If you’ve been supporting the Black Lives Matter movement, it’s important to include LGBTQ+ people in your fight and actively fight for all Black lives to matter.
White supremacy, racial capitalism, cisheteropatriarchy, homophobia, transphobia, and ableism intersect in the lives of Black queer, trans, gender nonconforming and intersex people, fueling state violence, family, domestic, interpersonal, and community violence.
Discrimination, harassment and violence against trans, queer, gender nonconforming and intersex people pervade virtually every institution and setting, including schools, workplaces, systems of policing, prisons, parole and probation, immigration, health care, and family and juvenile courts.
Black LGBTQ+ people experience high levels of poverty, criminalization, health disparities, and exclusion in the US. Black trans women and gender nonconforming people in particular experience some of the highest levels of killings, violence, poverty, policing, criminalization, and incarceration of any group in the US.

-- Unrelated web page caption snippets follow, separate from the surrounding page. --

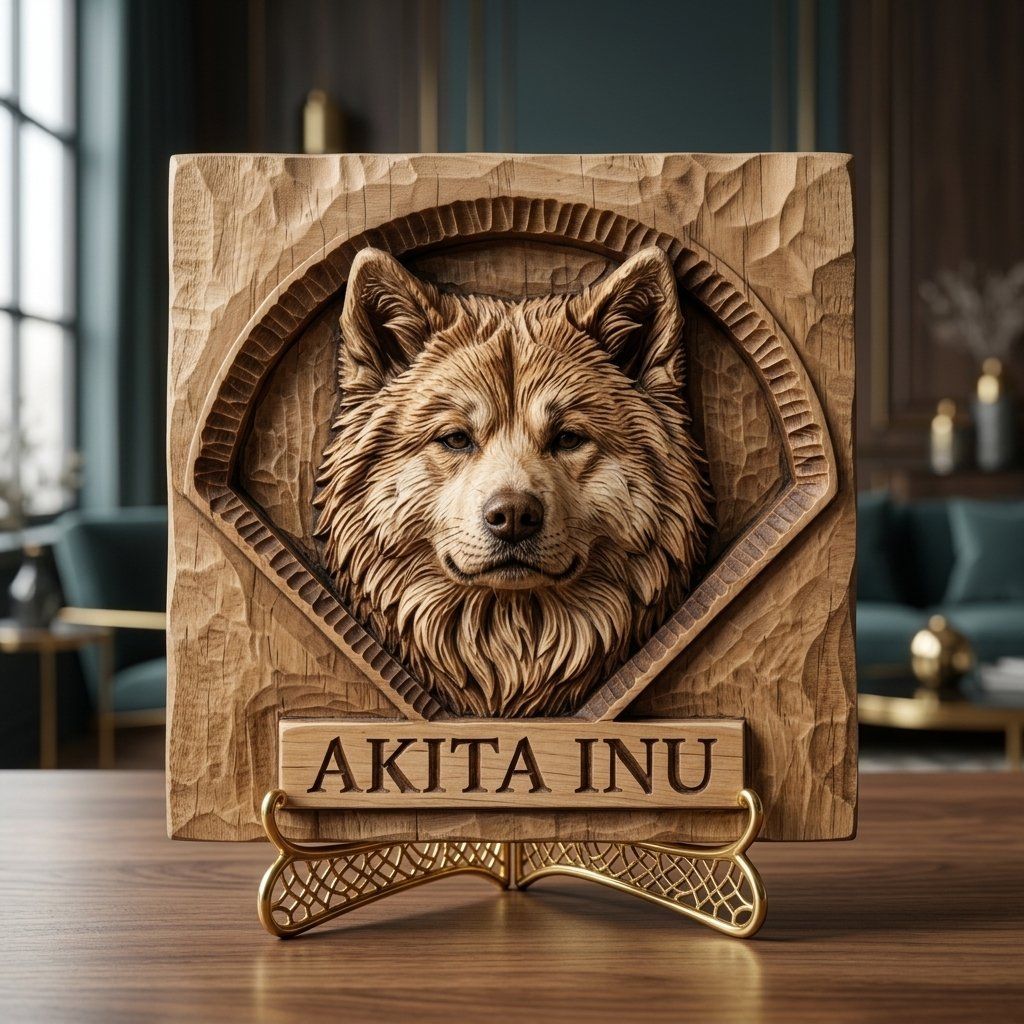 Noble Akita Inu Dog Portrait CNC Relief STL bas-relief STL — view 3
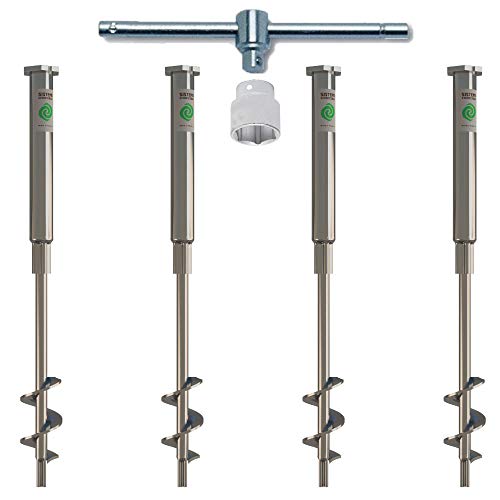 T-Block – Kit de 4 tornillos de anclaje a tierra, longitud 50 cm, diámetro 28-14, cabeza hexagonal de 41 mm con punto fijo M10, mango en T y brújula para la instalación.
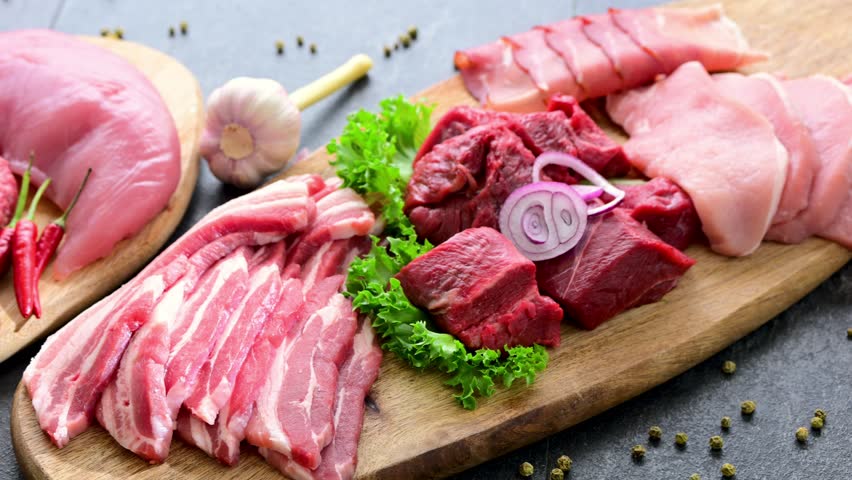 A variety of meat products.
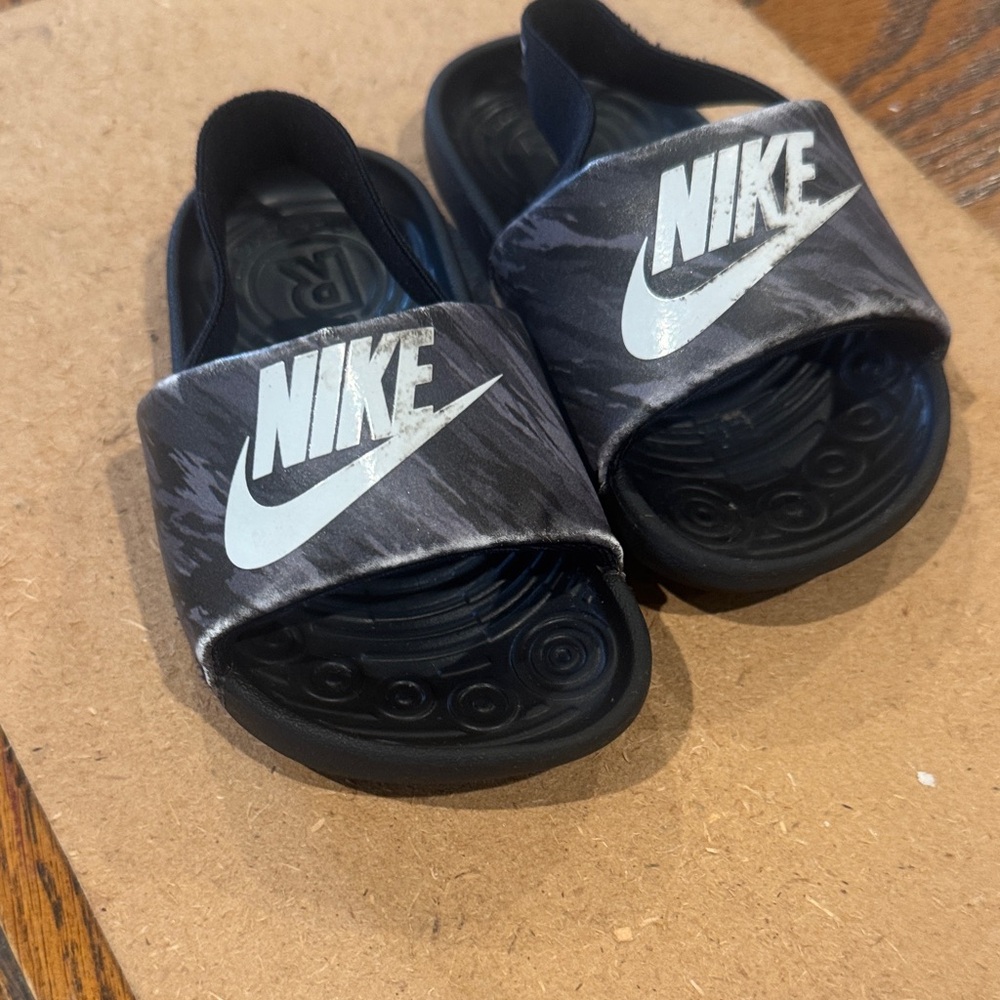 Nike Kids Black and White Slide Sandals with Logo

Almost 30 trans women of color were murdered in 2019. According to the Black Census, sixty-two percent of Black gay and lesbian respondents report feeling threatened or harassed several times a year.
https://youtu.be/4Jc54RvDUZU
A conversation between two of our most iconic LGBTQIA leaders, Nikki Giovanni and James Baldwin (1971)
Become Informed
Don’t be part of the problem! Take time to become informed on queer identities.

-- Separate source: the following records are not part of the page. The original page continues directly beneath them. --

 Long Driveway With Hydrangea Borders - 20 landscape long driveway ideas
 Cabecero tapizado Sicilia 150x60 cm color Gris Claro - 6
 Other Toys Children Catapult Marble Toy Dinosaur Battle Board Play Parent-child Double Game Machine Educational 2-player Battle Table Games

Gender is a social construct. Gender refers to socially constructed roles, expressions, behaviors, and identities. Depending on your context and location, rules may vary. In some cultures men wear skirts, makeup, and jewelry.
Sex is the classification of a person as male, female, or intersex. The sex assigned to us at birth is based solely on one’s genitals, however sex characteristics also include chromosomes, gonads, and sex hormones. Our sex assigned at birth may or may not correspond to our gender.

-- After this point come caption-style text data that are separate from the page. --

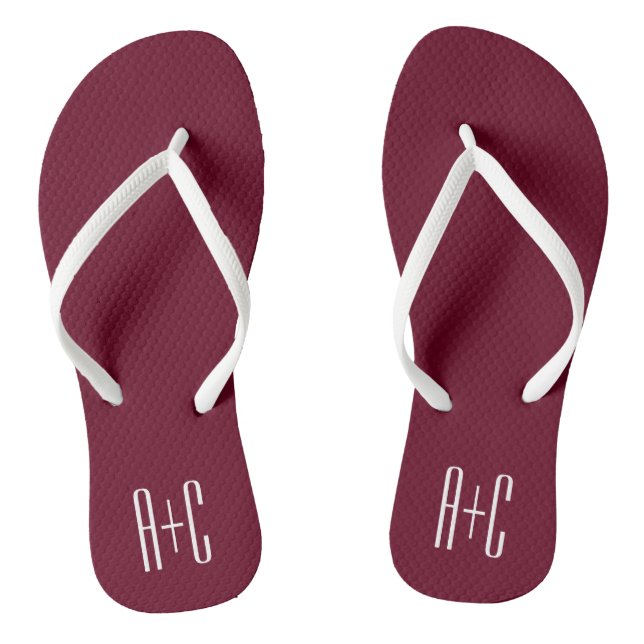 Simple Couples Initials | White & Burgundy Flip Flops (Footbed)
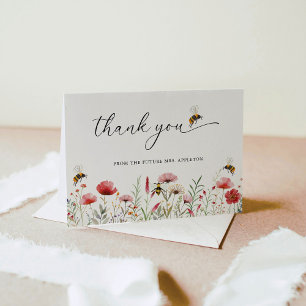 Carte De Remerciements Fleur sauvage Boho Signifie Être Fête des mariées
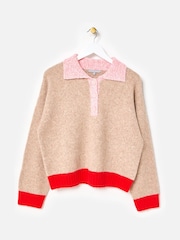Oliver Bonas Camel Brown Colour Block Collared Knitted Jumper - Image 3 of 7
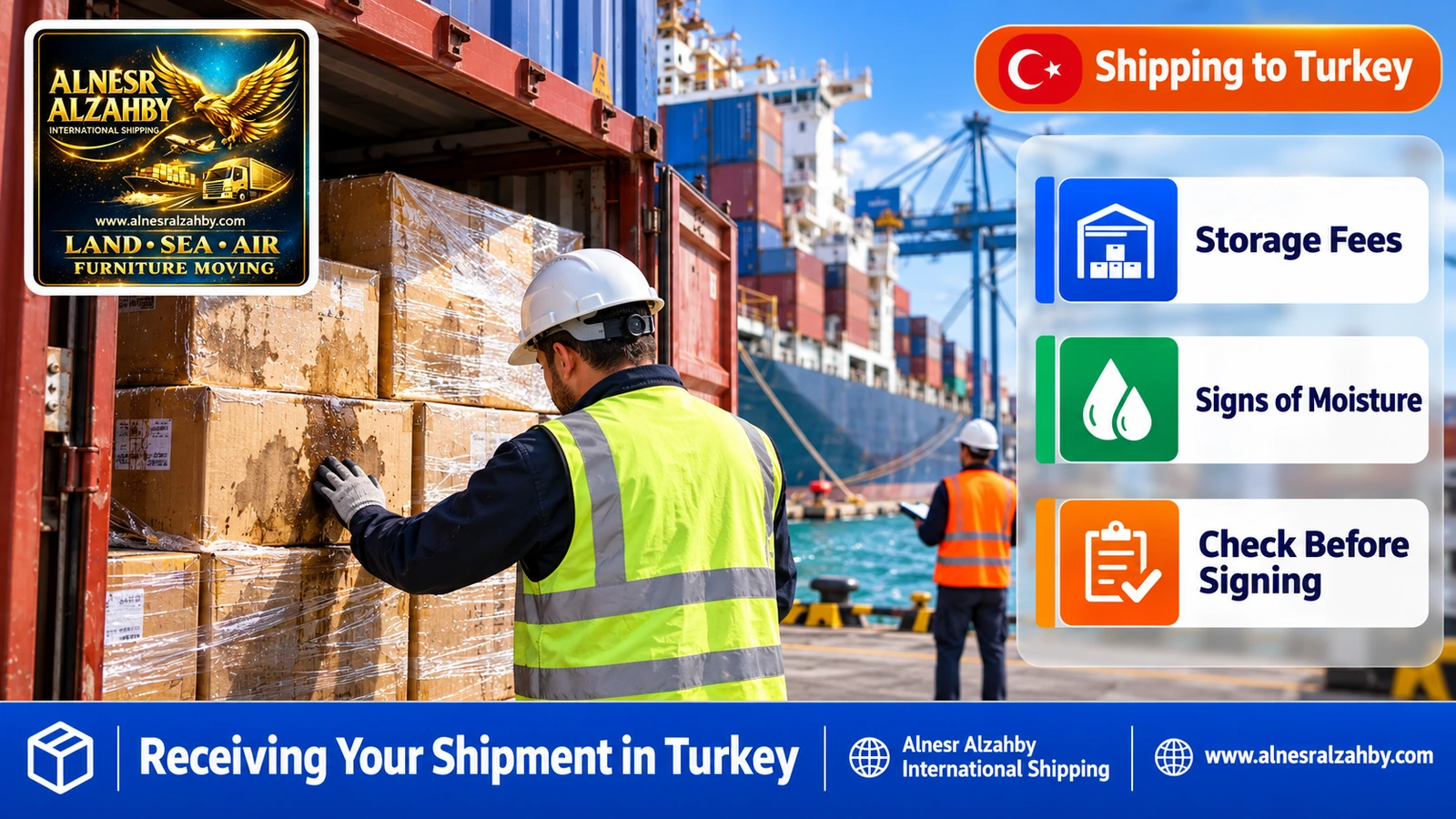 Checking sea shipment boxes for moisture signs on delivery in Turkey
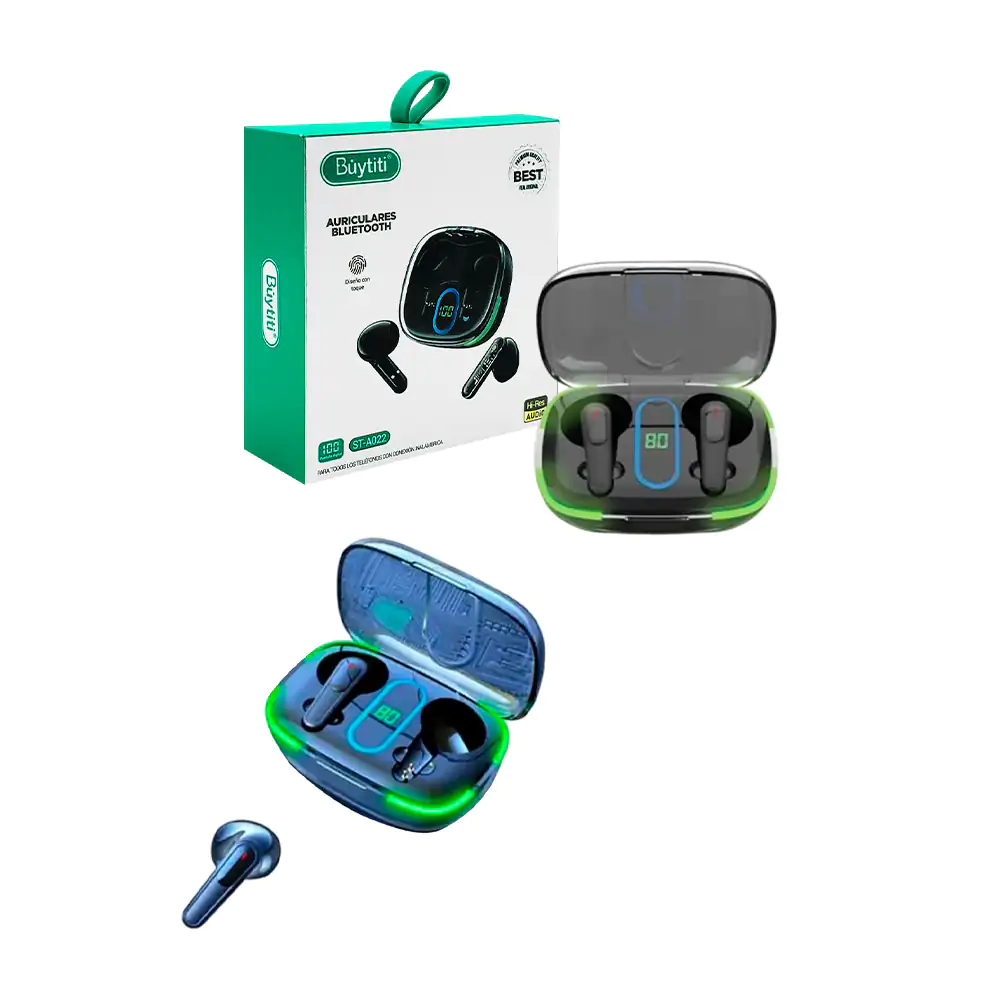 Audífonos inalámbricos bluetooth buytiti con diseño transparente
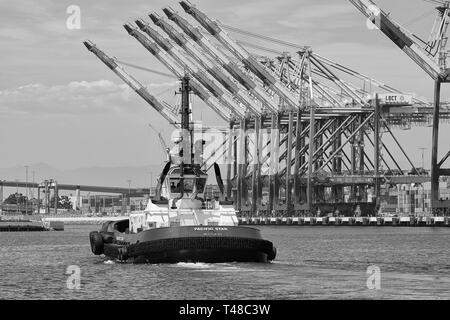 Black And White Photo Of The FOSS MARITIME Tugboat, PACIFIC STAR, In The Long Beach Container Terminal, California, USA. Stock Photo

When someone shares their gender identity with you, it’s inappropriate to assume or try to deduce that person’s sex. Rather, believe others when they share their gender identity with you and support them.
Common Genders
Cisgender: people whose gender identity aligns with the sex they were assigned at birth.
Transgender: people whose gender identity differs from the sex they were assigned at birth. Many transgender people will transition to align their gender expression with their gender identity, however you do not have to transition in order to be transgender.
Nonbinary: people who experience their gender identity and/or gender expression as outside of the male-female gender binary. Many other words for identities outside the traditional categories of man and woman may be used, such as genderfluid, genderqueer, polygender, bigender, demigender, or agender. These identities, while similar, are not necessarily interchangeable or synonymous.
To misgender someone means to use the wrong name or pronouns for a person’s gender. Whether misgendering happens as an innocent mistake or a malicious attempt to invalidate a person, it is deeply hurtful and can even put a person’s safety at risk if they are outed as transgender in an environment that is not tolerant.
Purposefully misgendering is not OK. You can be a good ally by standing up for others if you witness someone being harassed for their gender. If you misgender someone by accident, apologize swiftly without any drama. Show that you care by doing better.
By learning to support transgender and nonbinary people, you can help to create a safer, kinder, more accepting world. To learn more, visit www.thetrevorproject.org.
Support the Equality Act
The Equality Act, a landmark LGBTQ non-discrimination and civil rights bill, would specifically expand existing federal laws to protect people from discrimination based on their sexual orientation and gender identity.
If passed by the House of Representatives, the bill will protect lesbian, gay, bisexual, and transgender Americans from discrimination and strengthen protections against discrimination based on race, color, national origin, religion, and sex in businesses that serve the public.
The Equality Act is a vital next step in ensuring the promise of equal opportunity reaches all Americans.